The pictures are to be omitted when the entries are reproduced exactly.

Crawled caption data
[Start of Attachment]

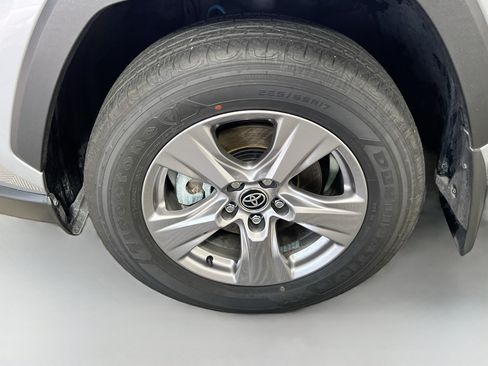 Used 2025 Toyota RAV4 LE AWD/4WD image 14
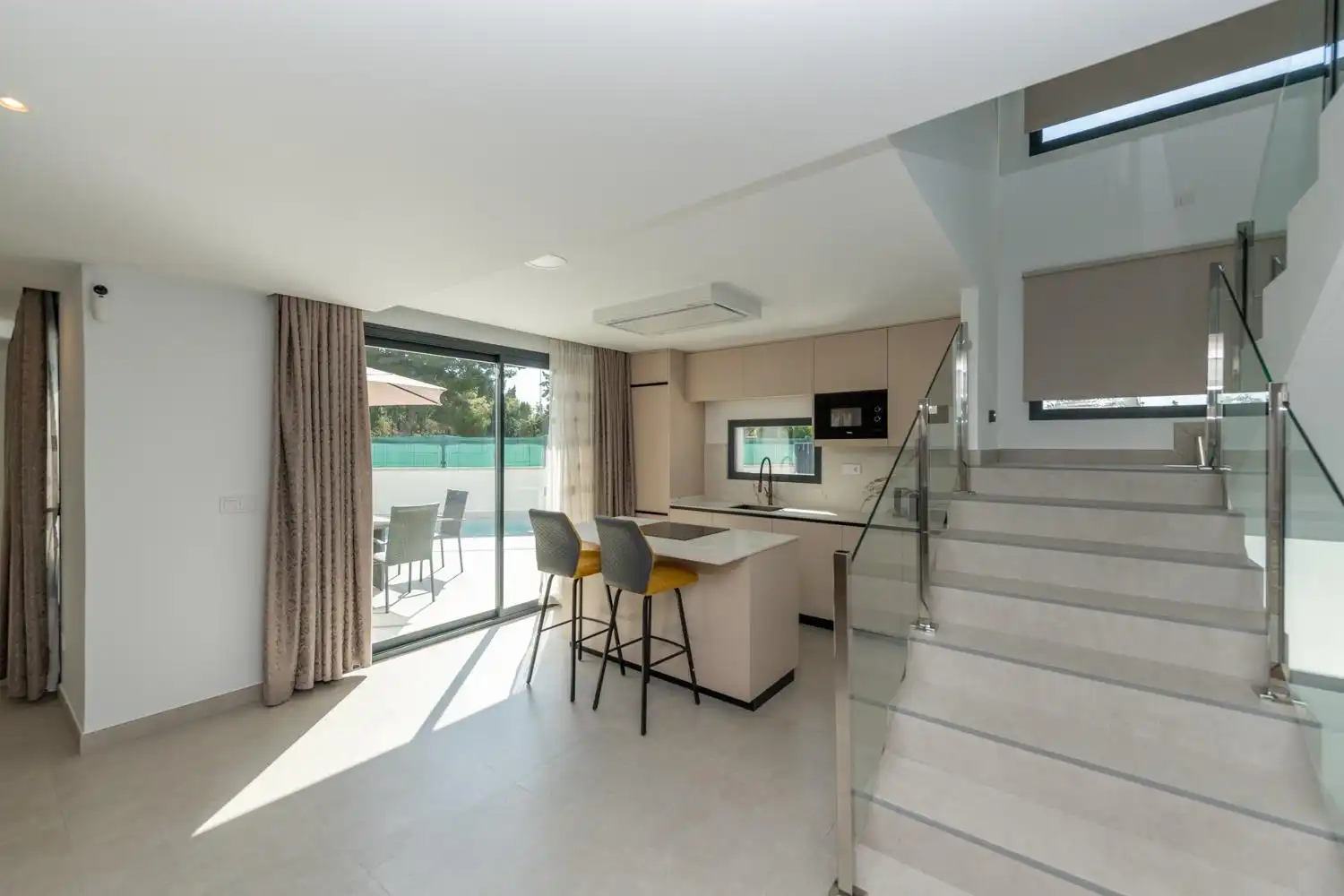 Küche von Haus oder Chalet zur Miete in El Campello mit Klimaanlage, Privatgarten und Terrasse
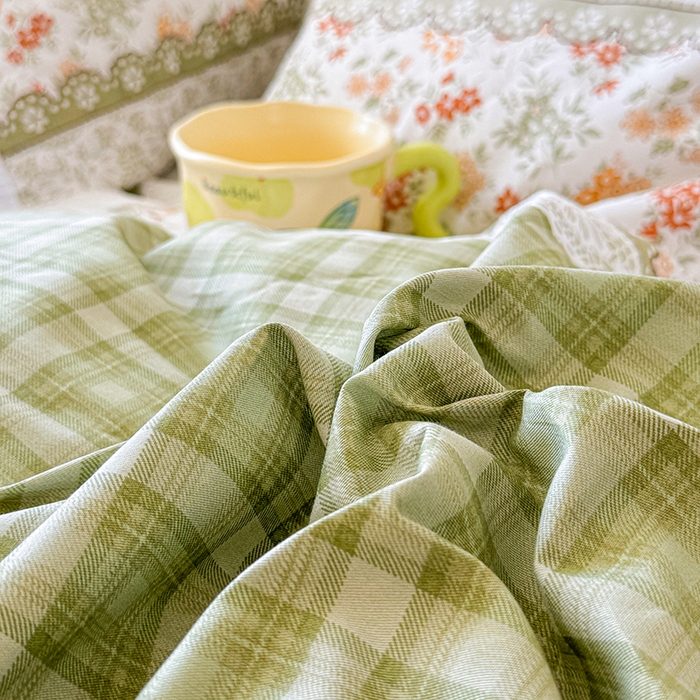 91家纺网 家纺一手货源 找家纺 虹星家纺 2025新款斜纹全棉纯棉印花床盖-清甜 清甜-墨雨云间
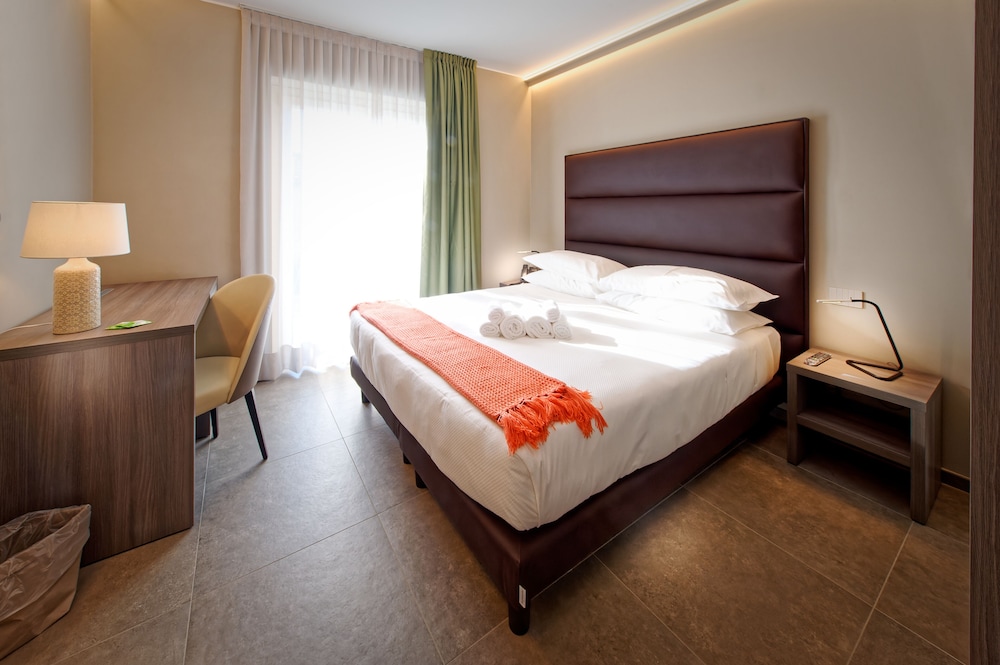 Deluxe Double Room Single Use (Design) photo 1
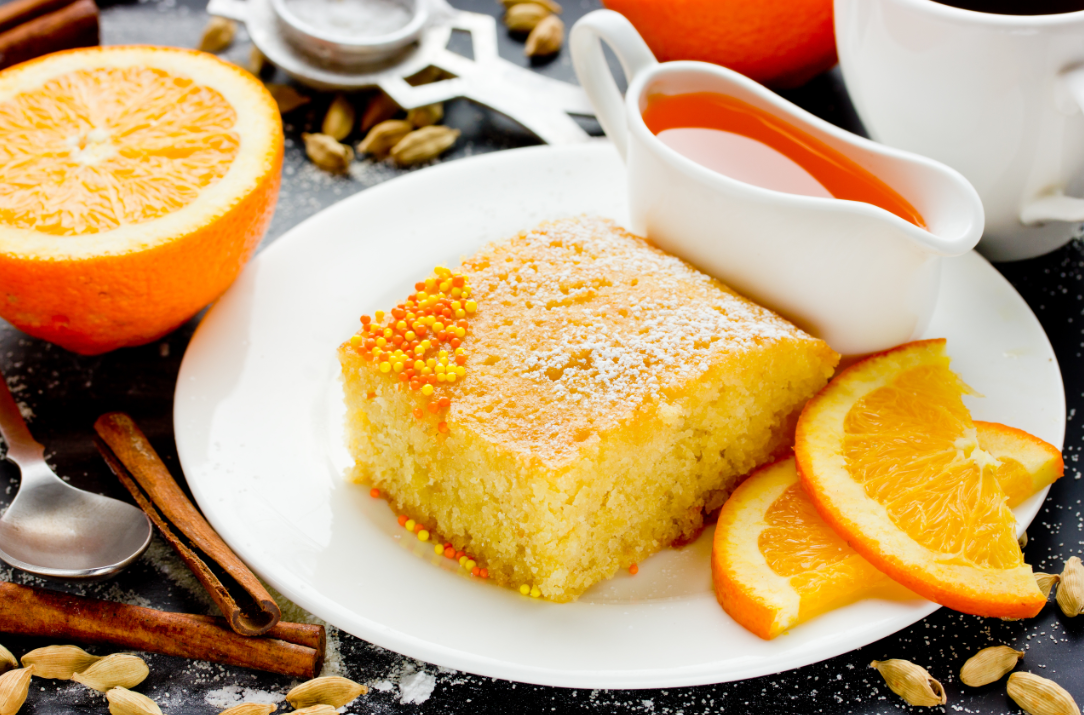 בריאה ועשירה יותר: עוגת דבש עם קמח תירס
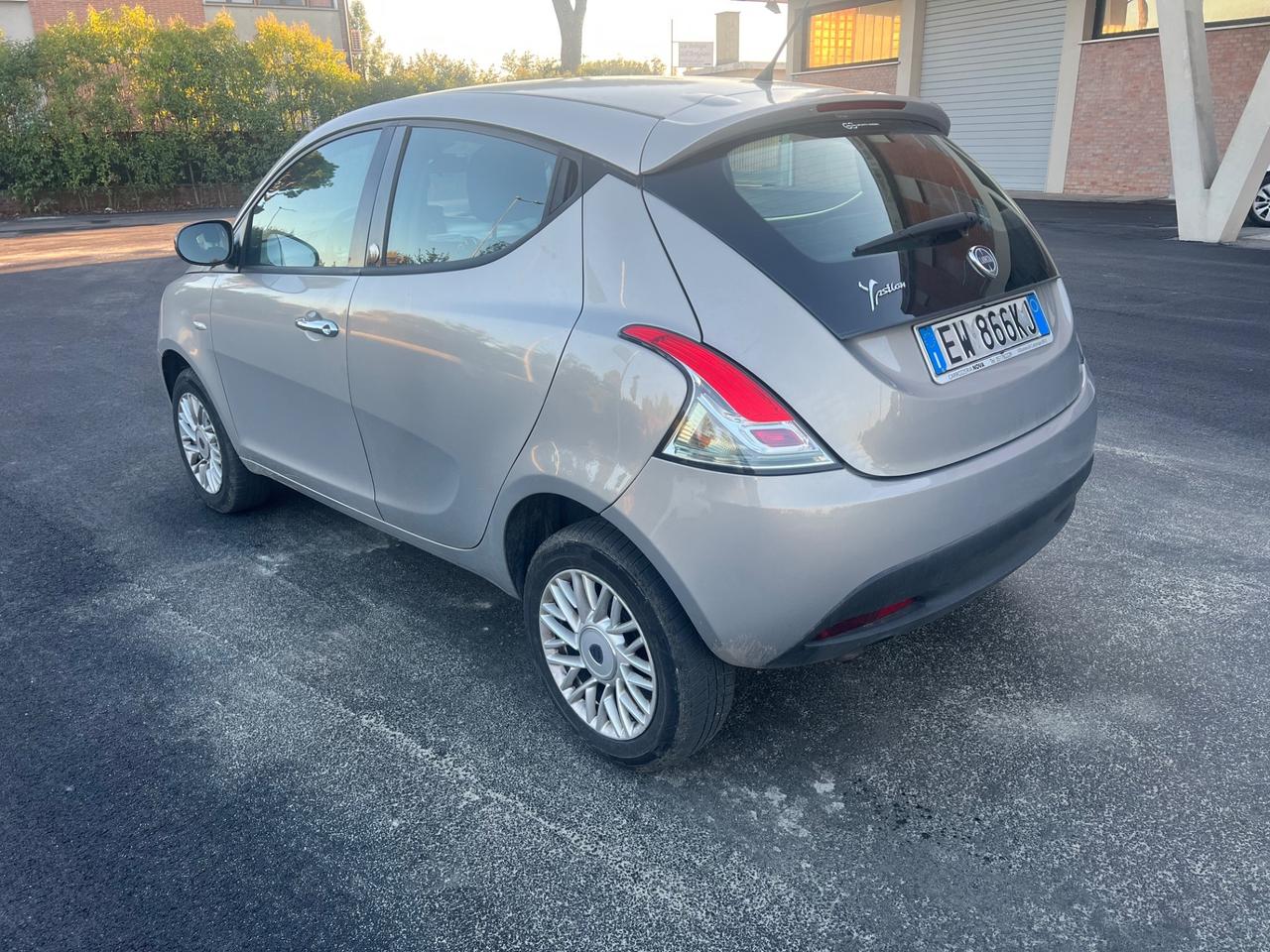 Lancia Ypsilon 0.9 TwinAir 85 CV 5 porte Metano Ecochic Gold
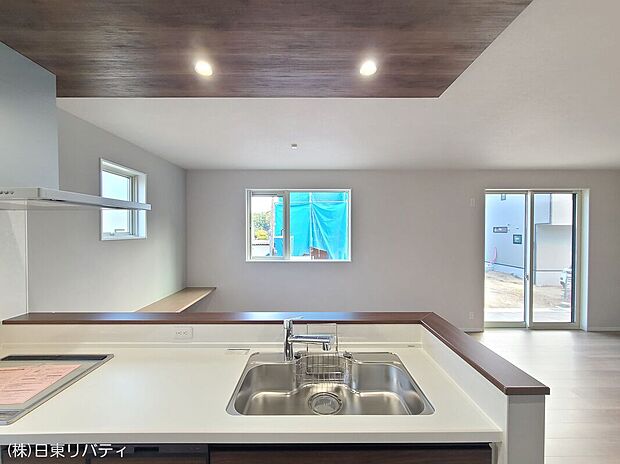 【キッチン】リビングで遊ぶお子様を見守りながらお料理が出来る対面式カウンターキッチンは、大切なご家族をいつも身近に感じられ、毎日のお料理も楽しくなりますね。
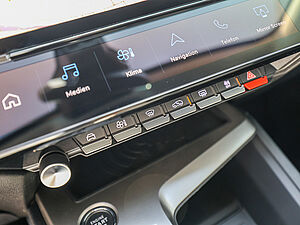 Peugeot 308 Allure HYBRID 145 e-DSC6 15 navigation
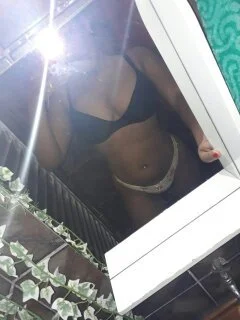 Preta bucetuda com celular perdido em belford roxo image 9
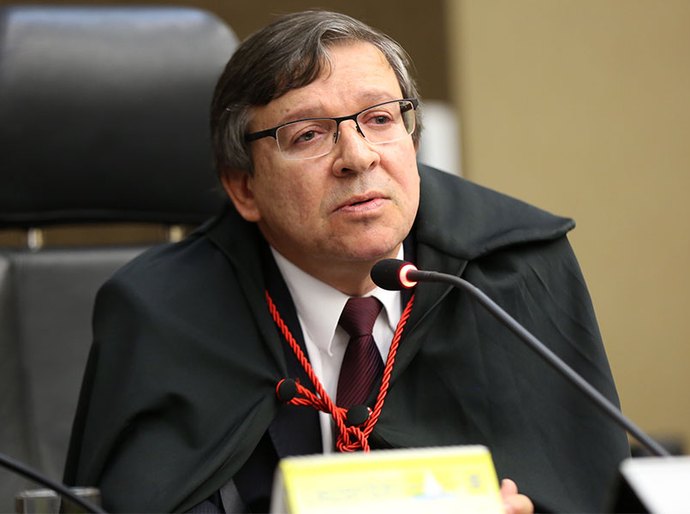 TJ mantém prisão de prefeito de Maribondo acusado de agredir esposa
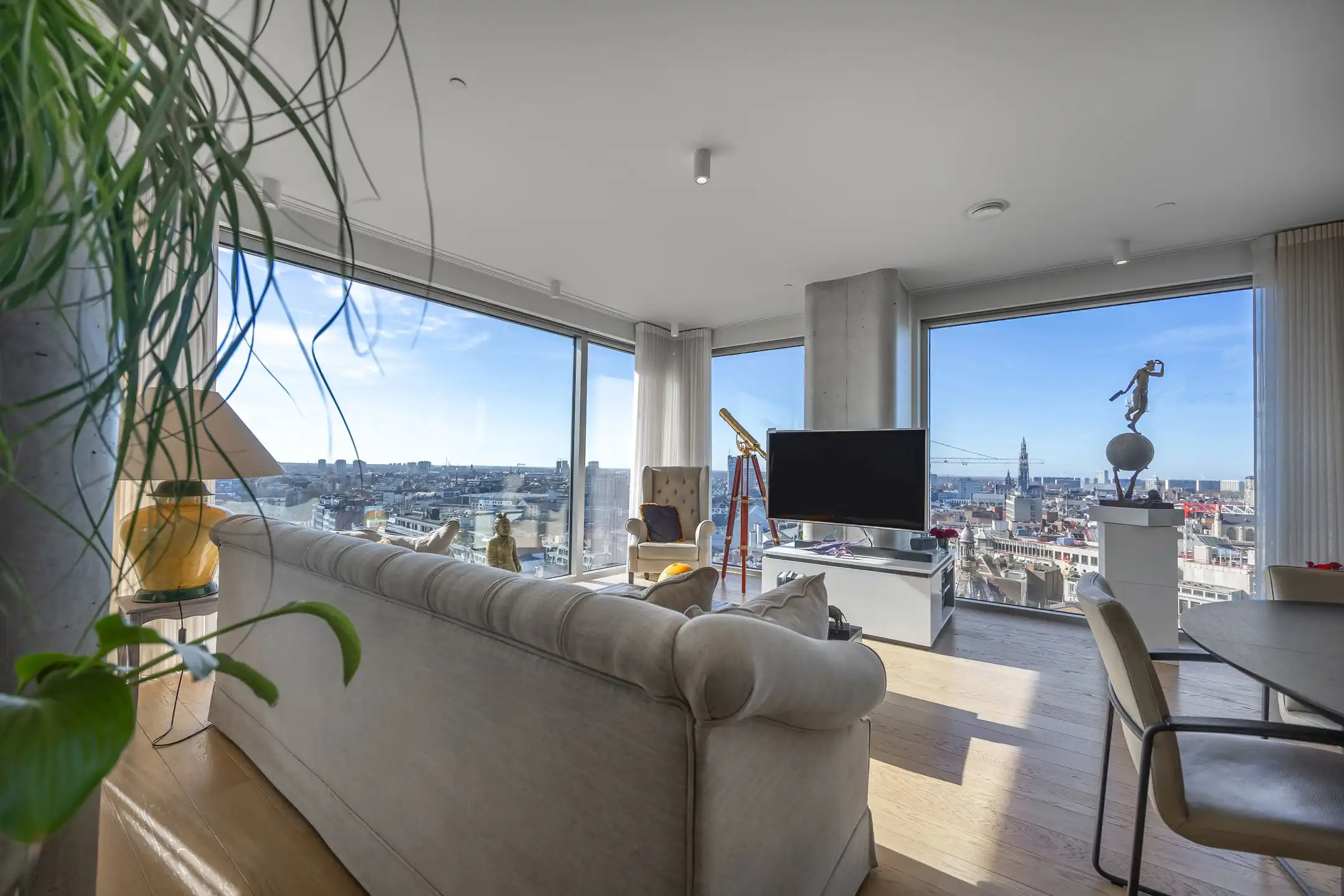 Uitzonderlijke appartement met een panoramisch uitzicht foto 2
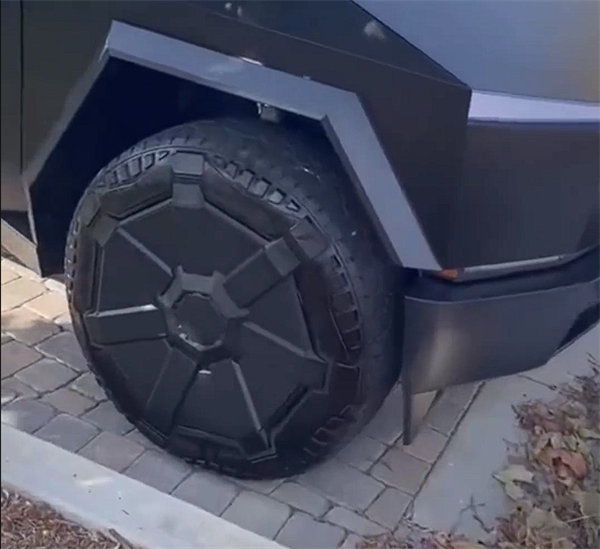 特斯拉Cybertruck即将交付黑色哑光版本，车型散发着独特魅力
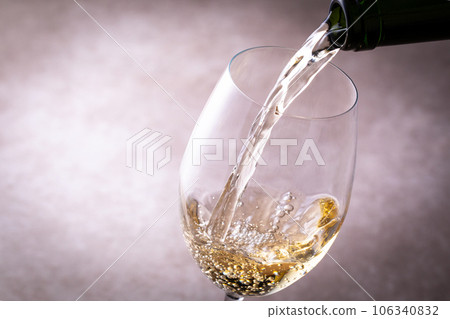 倒白葡萄酒 倒白葡萄酒 106340832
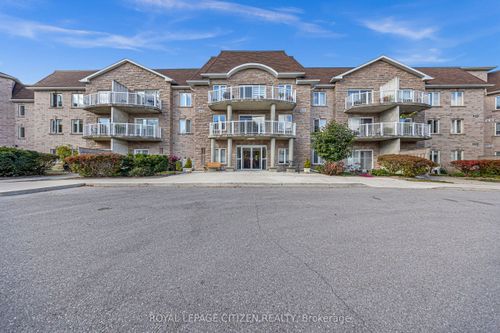 307-32 Church St, Schomberg, ON, L0G1T0 | Card Image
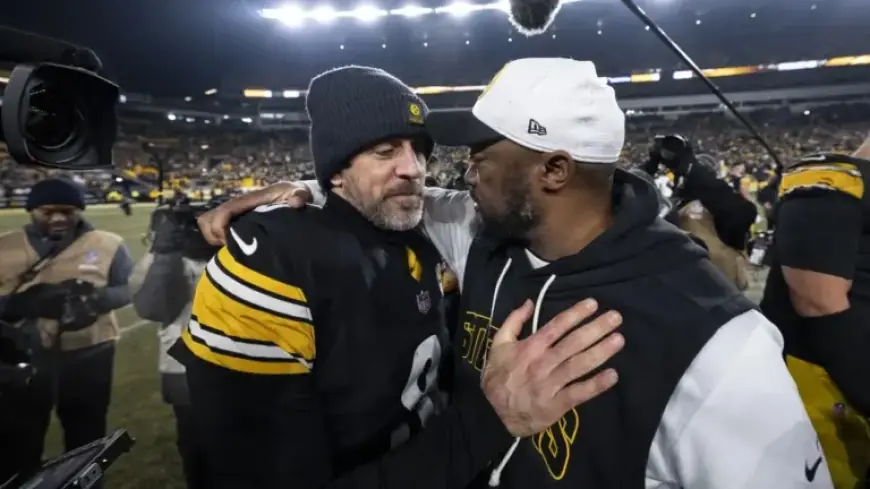 Aaron Rodgers Apologizes and Tears Up at Mike Tomlin’s Last Team Meeting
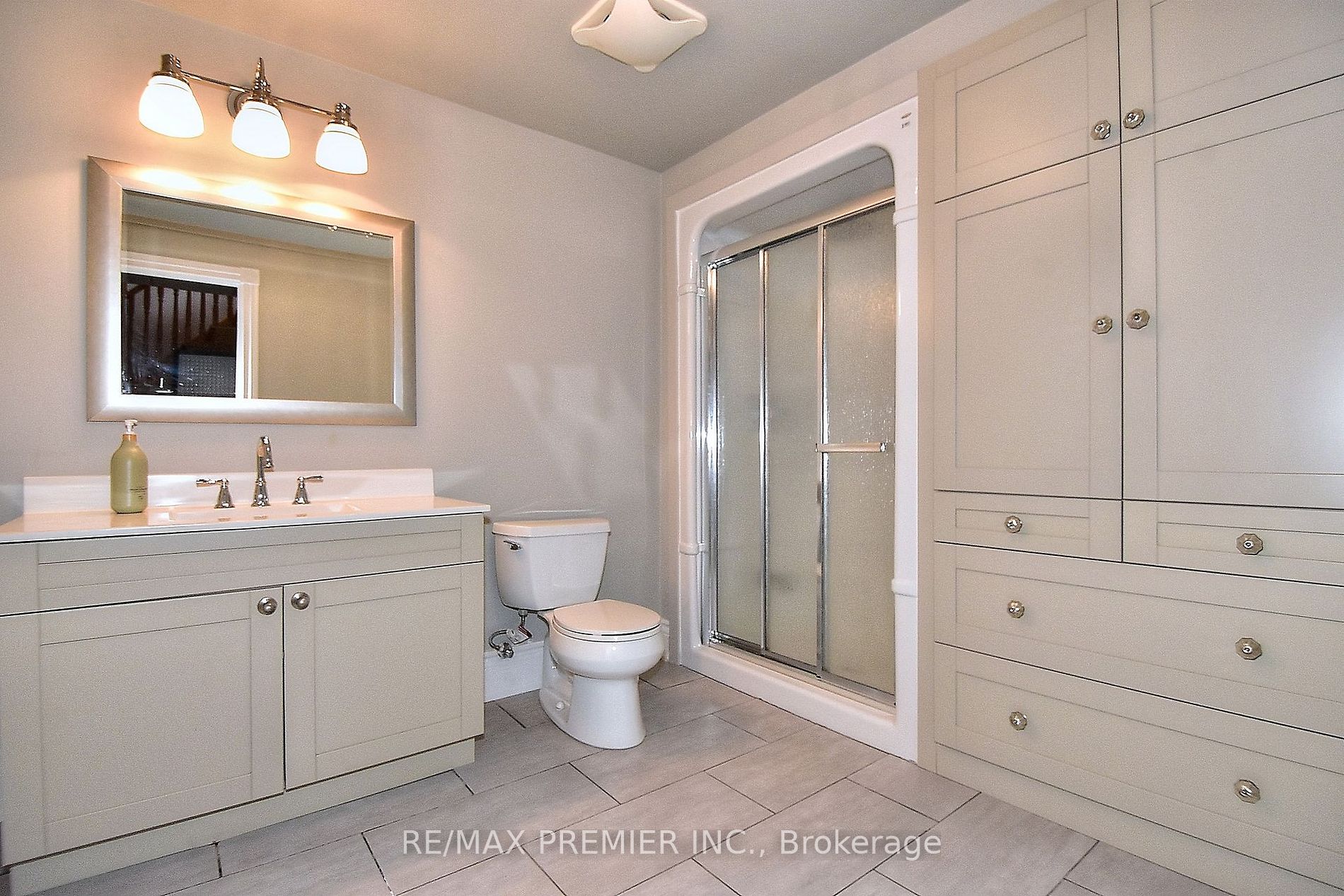 9661 Bathurst St Property Photo 23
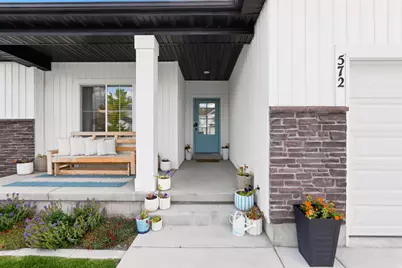 572 S 690 E, Hyrum, UT 84319 - Photo 2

[End of Attachment]

Response below:
 Used 2025 Toyota RAV4 LE AWD/4WD image 14
 Küche von Haus oder Chalet zur Miete in El Campello mit Klimaanlage, Privatgarten und Terrasse
 91家纺网 家纺一手货源 找家纺 虹星家纺 2025新款斜纹全棉纯棉印花床盖-清甜 清甜-墨雨云间
 Deluxe Double Room Single Use (Design) photo 1
 בריאה ועשירה יותר: עוגת דבש עם קמח תירס
 Lancia Ypsilon 0.9 TwinAir 85 CV 5 porte Metano Ecochic Gold
 【キッチン】リビングで遊ぶお子様を見守りながらお料理が出来る対面式カウンターキッチンは、大切なご家族をいつも身近に感じられ、毎日のお料理も楽しくなりますね。
 Peugeot 308 Allure HYBRID 145 e-DSC6 15 navigation
 Preta bucetuda com celular perdido em belford roxo image 9
 TJ mantém prisão de prefeito de Maribondo acusado de agredir esposa
 Uitzonderlijke appartement met een panoramisch uitzicht foto 2
 特斯拉Cybertruck即将交付黑色哑光版本，车型散发着独特魅力
 倒白葡萄酒 倒白葡萄酒 106340832
 307-32 Church St, Schomberg, ON, L0G1T0 | Card Image
 Aaron Rodgers Apologizes and Tears Up at Mike Tomlin’s Last Team Meeting
 9661 Bathurst St Property Photo 23
 572 S 690 E, Hyrum, UT 84319 - Photo 2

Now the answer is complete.